With a lead of more than 40 percentage points over his nearest rival in the race for the New Jersey Senate seat, Newark Mayor Cory Booker expected to be the target of most of the attacks at last night’s debate—but most observers were surprised by the lack of viciousness on display a week before the August 13th primary election.

In a recent Quinnipiac poll, Booker was the choice of 52 percent of the respondents, while Rep. Frank Pallone pulled in 10 percent, Rep. Rush Holt won 8 percent and NJ state Assembly Speaker Sheila Oliver took 3 percent. In the all-important fundraising category, Booker had raised $6.5 million as of June 30th, with $4.5 million in the bank. In addition, a fundraiser Thursday night hosted by Oprah Winfrey puts Booker in a position to rake in quite a bit more.

The winner of the Democratic primary is a shoo-in to win the November election because New Jersey hasn’t sent a Republican to the Senate in more than 40 years.

In last night’s debate, Booker’s opponents in the Democratic field attempted to make an issue of his lack of experience at the statewide or federal level. But Booker wasn’t having it.

“Enough is enough. We have seen what 40 years of experience is getting us,” Booker said, referencing the nearly 40 years of congressional experience between two of his competitors, Reps. Pallone and Holt.

Booker has become a national figure partly because of his constant use of social media and his well-publicized heroics, such as coming to the aid of a woman who had just been in a serious car accident and running into a burning building—ignoring the pleas of his security detail—to rescue a woman inside. He also lived for a week on the same amount available to food stamp recipients to show the inadequacy of the federal programs for the poor.

Holt took a quick swipe at Booker’s celebrity.

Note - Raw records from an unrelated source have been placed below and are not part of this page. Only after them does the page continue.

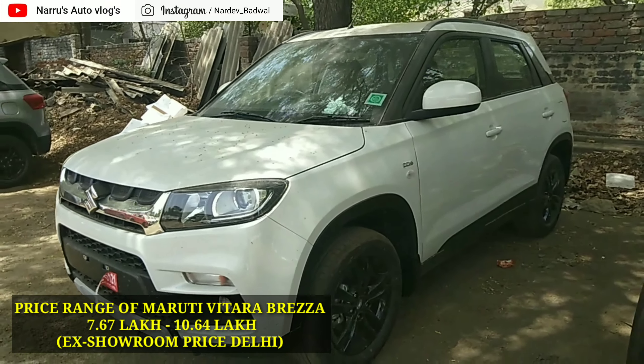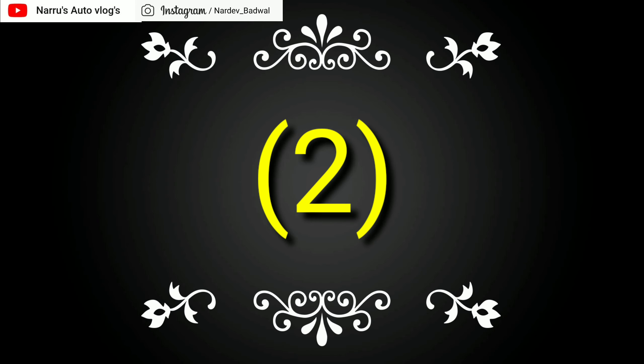3rd position पे है Maruti Suzuki की Vitara Brezza, जो कभी 1st position पे हुआ करती थी। अगस्त 2019 में इसकी कुल unit बिकी है 7,109 units। Vitara Brezza में 1.3 liter का 4 cylinder DDiS-200 diesel इंजन आता है जो की 89 PS की power 4000 rpm पे और 200 Nm का peak torque generate करता है 1750 rpm पे। बहुत जल्दी Vitara Brezza की facelift आने वाली है BS6 compliant petrol engine के साथ, जिसमें 4 airbags और sunroof भी provide की जाएगी। इसकी price range 7.67 lakh से 10.64 lakh (ex-showroom) है।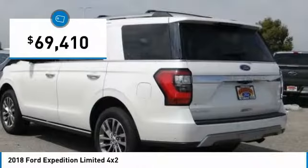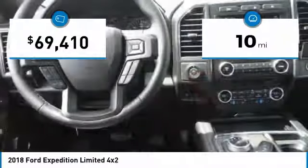And is priced below $70,000. This vehicle has less than 100 miles.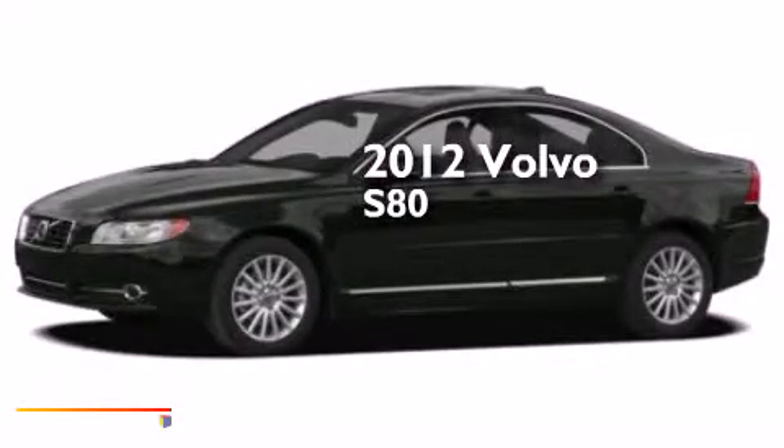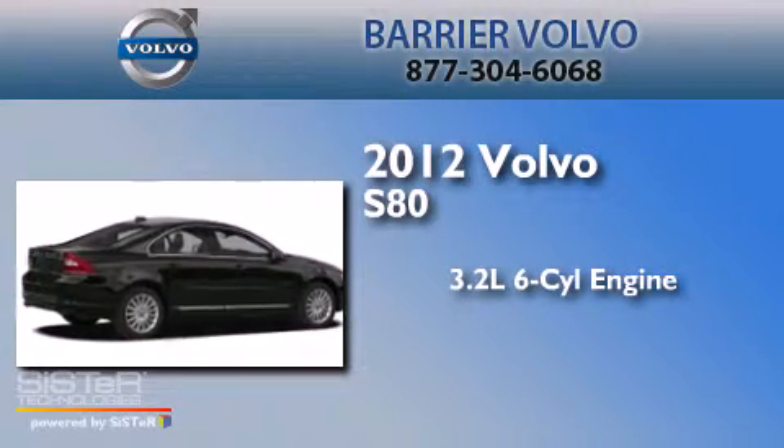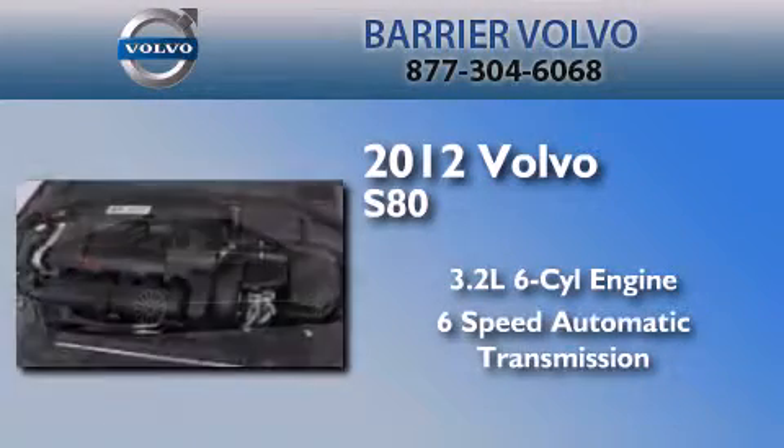This is a 2012 Volvo S80. It features a 3.2-liter six-cylinder engine and a six-speed automatic transmission.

“I’ve never run into a burning building, I don’t know Mark Zuckerberg, and I don’t have more than a million Twitter followers,” Holt said.

Zuckerberg, the billionaire founder of Facebook, donated $100 million toward improving Newark schools in 2010.

The other candidates also went after Booker for not making progress with Newark schools, which have been under control of the state since 1995.

“We have not seen improvement with state intervention. There is no question the difficulty with large urban districts is the politicization with the schools,” Oliver said.

Pointing to Booker’s support for Gov. Chris Christie’s education plans, Pallone asked how state control of the schools was impacting students’ education.

“What is the real impact?” he asked. “What does that mean in terms of how they want to influence what happens in the schools?”

But Booker said he’d “never ever apologize for bringing hundreds of millions of dollars to help poor kids get a good education.”

 

When Holt added that a “massive expansion of charter schools is not the answer,” Booker responded with charges of hypocrisy directed at Pallone and Holt, whom he claimed voted for a similar voucher program for District of Columbia schools.

Holt, the PhD scientist representing New Jersey’s 12th district, has a $350,000 ad campaign to run in New York and Philadelphia markets in the last week of the campaign that questions Booker’s progressive credentials.

In the ad, Holt wanders around a classroom and introduces himself as the “scientist who beat the supercomputer in Jeopardy!” He contrasts his positions on “breaking up the banks” and other issues dear to progressives with those of Booker’s before saying, “Cory may be the frontrunner in this race, but he’s no progressive.”